WORK TO BE COMPLETED | Quote the entries word for word. Omit the pictures.

DATA FOR THIS TASK |
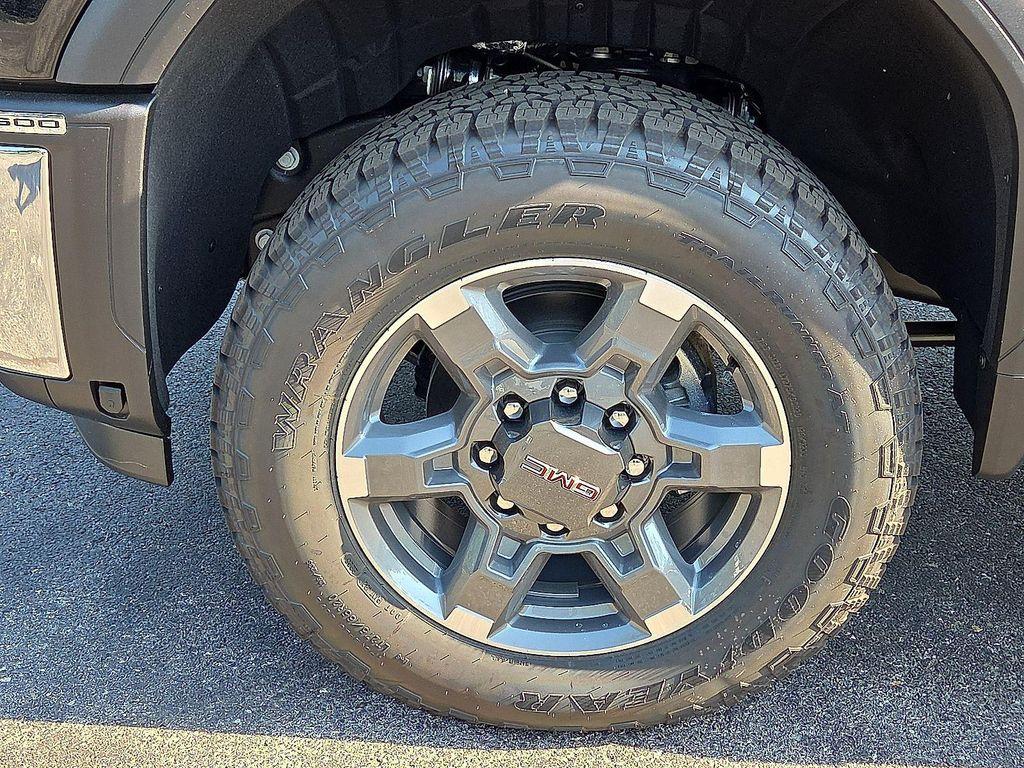 new 2025 GMC Sierra 2500 car, priced at $73,000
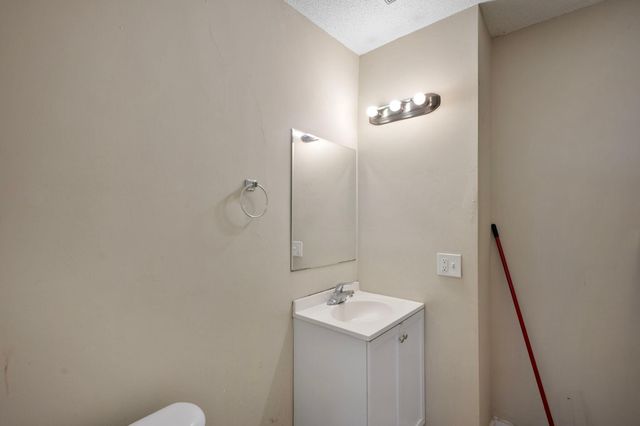 3217 Nicollet Avenue, Minneapolis, MN 55408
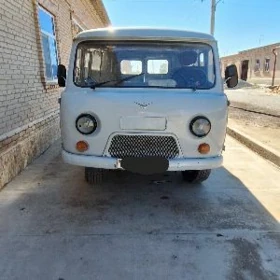 UAZ 2206 2000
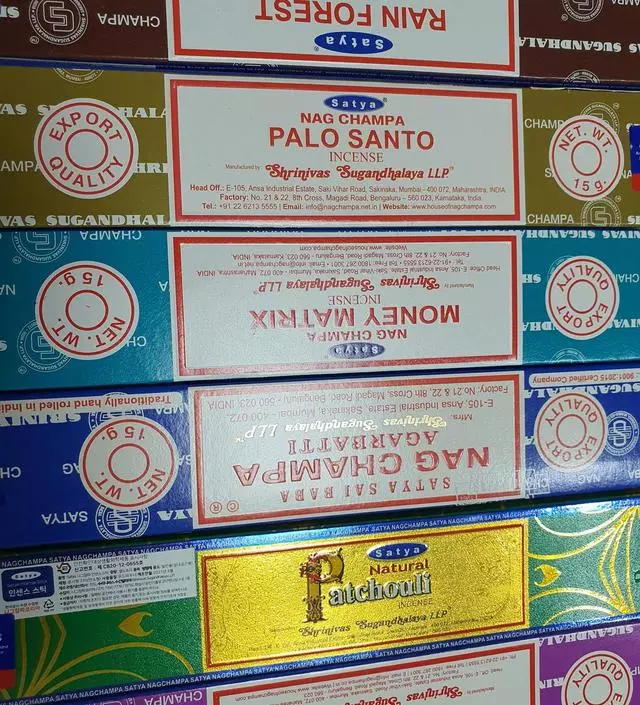 나그참파만 구매하려다가 안 써본 것도 구매했어요
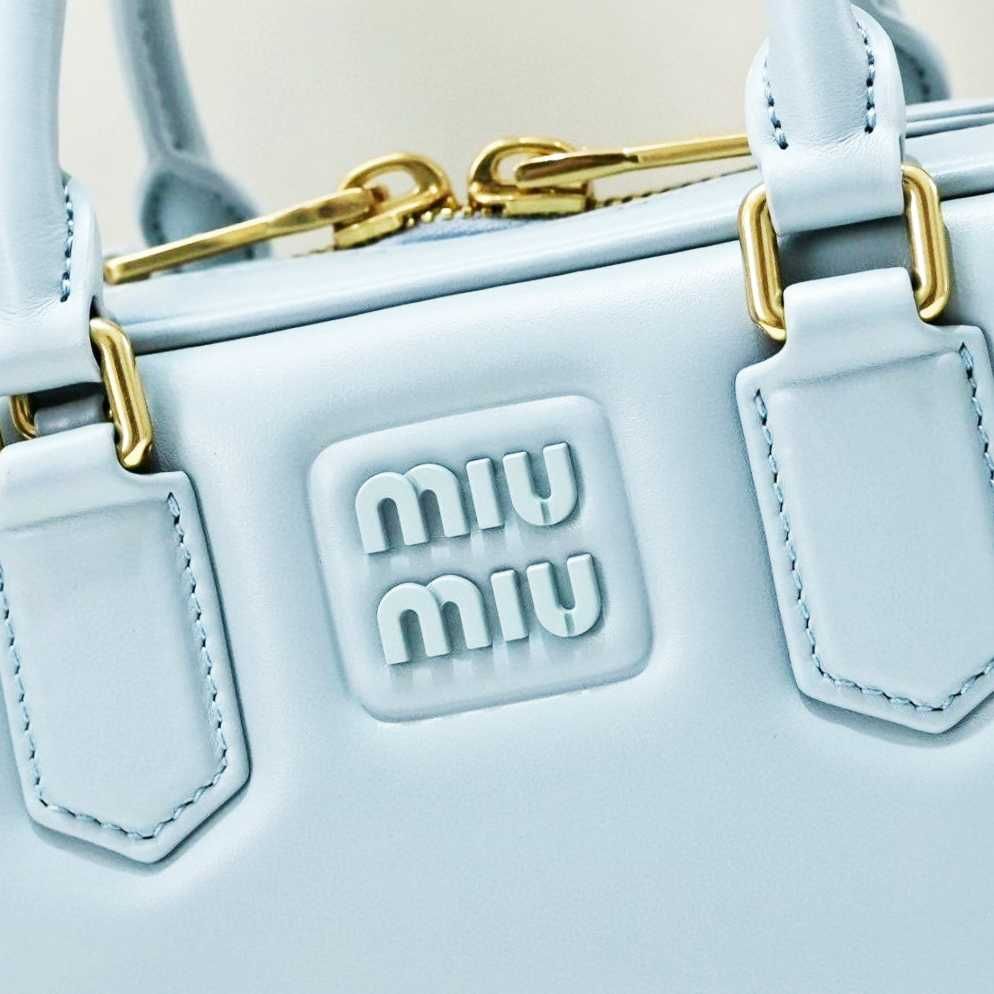 MIU MIU niebieska torba bowlingowa - śródziemnomorski styl!
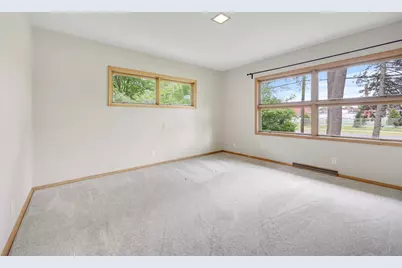 4871 Bald Eagle Avenue, White Bear Lake, MN 55110 - Photo 16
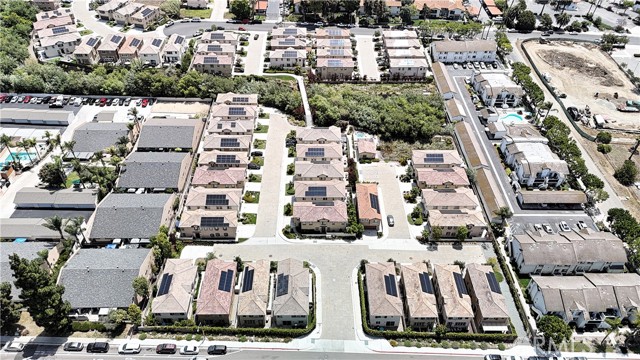Detail Gallery Image 26 of 26 For 202 Bay Laurel Ct, Vista,  CA 92083 - 3 Beds | 2/1 Baths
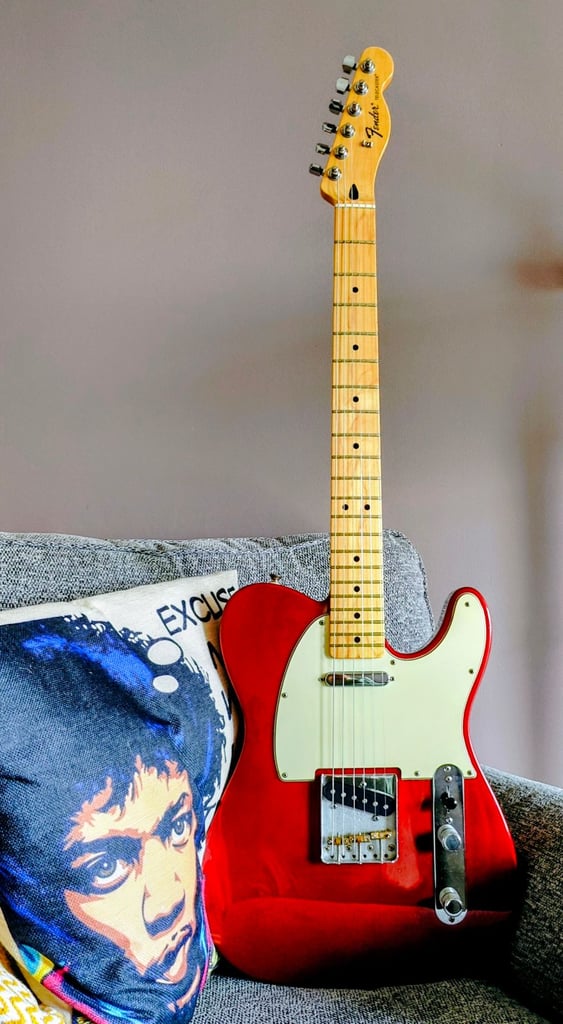 Fender Telecaster Standard / Player 2013 - Candy Apple Red Maple Fingerboard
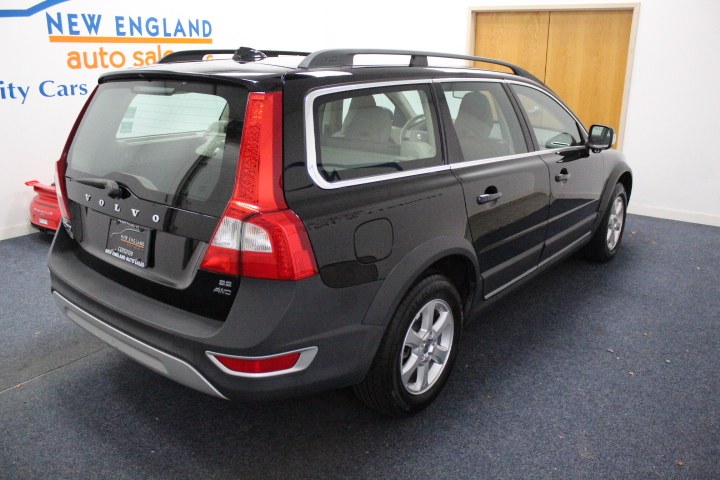 2010 Volvo XC70 4dr Wgn 3.2L w/Moonroof, available for sale in Plainville, Connecticut | New England Auto Sales LLC. Plainville, Connecticut 2010 Volvo XC70 4dr Wgn 3.2L w/Moonroof, available for sale in Plainville, Connecticut | New England Auto Sales LLC. Plainville, Connecticut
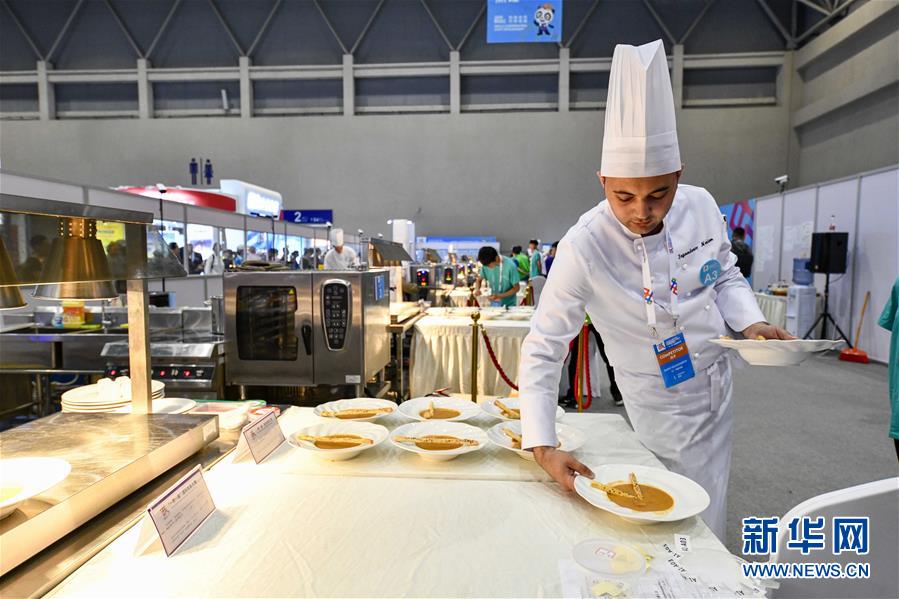 Chongqing : tenue d'un concours de compétences techniques de « La Ceinture et la Route »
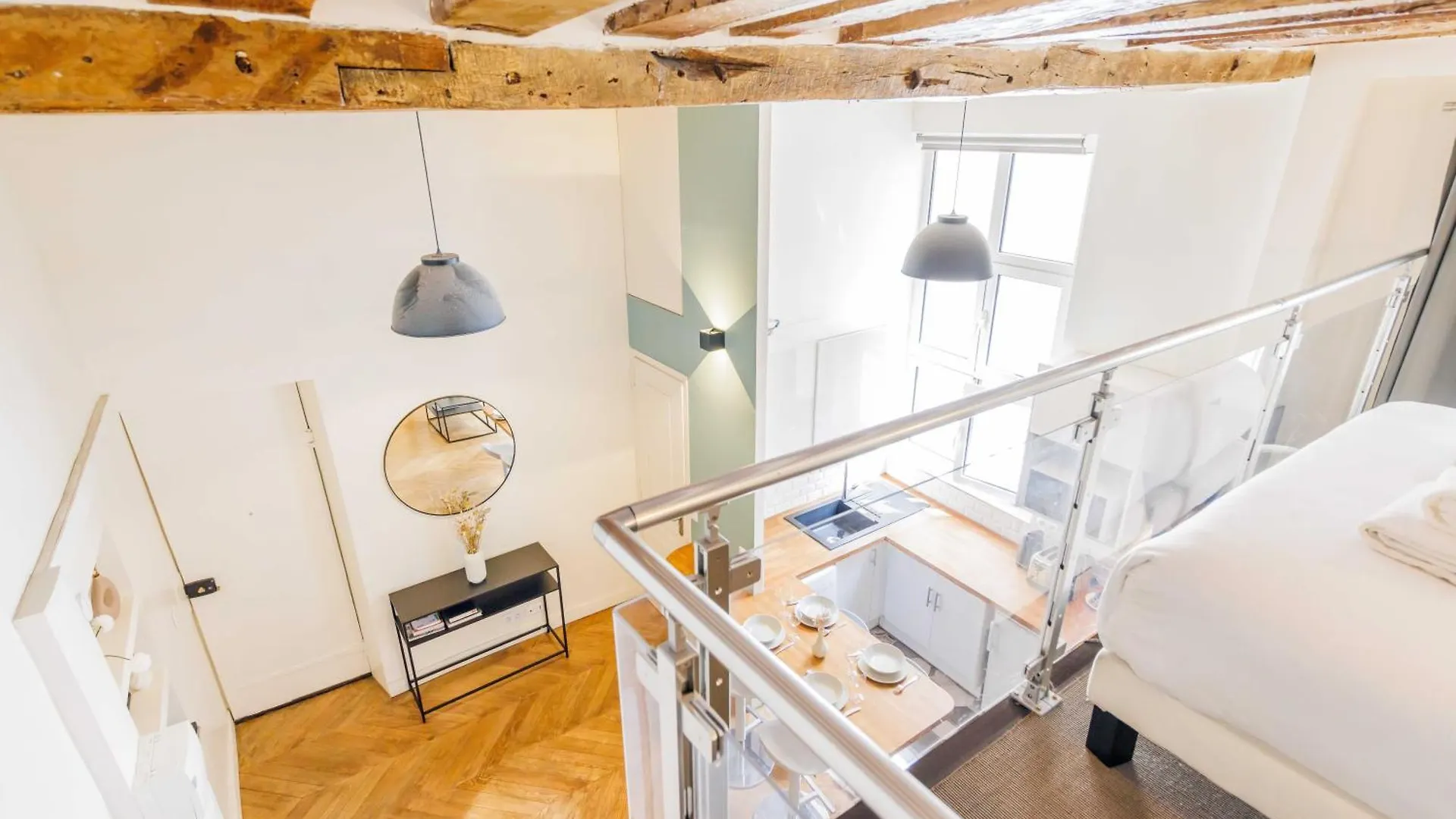 Quiet 1br-4p - Quartier Du Mail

ANSWER FOR THE TASK |
 new 2025 GMC Sierra 2500 car, priced at $73,000
 3217 Nicollet Avenue, Minneapolis, MN 55408
 UAZ 2206 2000
 나그참파만 구매하려다가 안 써본 것도 구매했어요
 MIU MIU niebieska torba bowlingowa - śródziemnomorski styl!
 4871 Bald Eagle Avenue, White Bear Lake, MN 55110 - Photo 16
Detail Gallery Image 26 of 26 For 202 Bay Laurel Ct, Vista,  CA 92083 - 3 Beds | 2/1 Baths
 Fender Telecaster Standard / Player 2013 - Candy Apple Red Maple Fingerboard
 2010 Volvo XC70 4dr Wgn 3.2L w/Moonroof, available for sale in Plainville, Connecticut | New England Auto Sales LLC. Plainville, Connecticut 2010 Volvo XC70 4dr Wgn 3.2L w/Moonroof, available for sale in Plainville, Connecticut | New England Auto Sales LLC. Plainville, Connecticut
 Chongqing : tenue d'un concours de compétences techniques de « La Ceinture et la Route »
 Quiet 1br-4p - Quartier Du Mail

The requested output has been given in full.